FLSA Class Action Defense Cases–Bernal v. Vankar: Texas Federal Court Grants Class Action Plaintiffs Summary Judgment In Labor Law Class Action Concluding Employers Failed To Pay Minimum Wages And Overtime Required By FLSA
Class Action Plaintiff Alleging Violations of Fair Labor Standards Act (FLSA) Entitled to Summary Judgment because Employers Improperly took “Tip Credits” Against Employee Wages and Failed to Pay Overtime Required by FLSA Texas Federal Court Holds
Plaintiff filed a class action against his former employers – TDS Entertainment (which owns Dixie's Country Bar), Chicago Bar and Vankar Enterprises (which owns Babcock Bar) – alleging violations of the federal Fair Labor Standards Act (FLSA); the class action complaint asserted that defendants failed to pay employees minimum wage because they unlawfully credited tips against their employees’ salaries. Bernal v. Vankar Enterprises, Inc., 579 F.Supp.2d 804, 805 (W.D.Tex. 2008). Specifically, the class action alleged that plaintiff worked at defendants' bars for less than the federal minimum wage, that plaintiff received tips from customers, and that defendants required that plaintiff contribute a portion of his tips to a “tip pool” to be shared with “managers and/or other employees who do not customarily and regularly receive tips.” Id., at 805-06. The class action alleged that defendants were not permitted to take “tip credits” against plaintiff’s minimum, and so violated the FLSA by paying him less than minimum wage.

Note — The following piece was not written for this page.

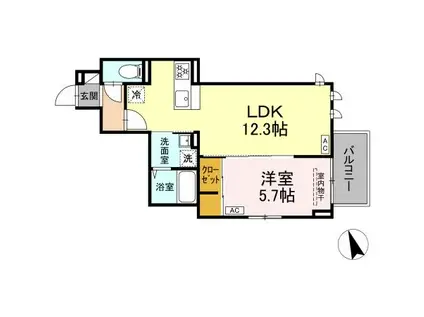 ASSET-COURT調布ヶ丘(1LDK/2階)の間取り写真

Id., at 806. The class action complaint prayed to recover as wages the difference between the federal minimum wage and the actual wage paid by defendants., id. The district court granted plaintiff’s motion for class action certification, id. Plaintiff’s counsel then moved for summary judgment as to “(1) whether the bars failed to pay the applicable minimum wage under circumstances in which the bars were not permitted to claim a tip credit; and (2) whether the bars failed to pay overtime as required by the FLSA.” Id. The federal court granted the motion.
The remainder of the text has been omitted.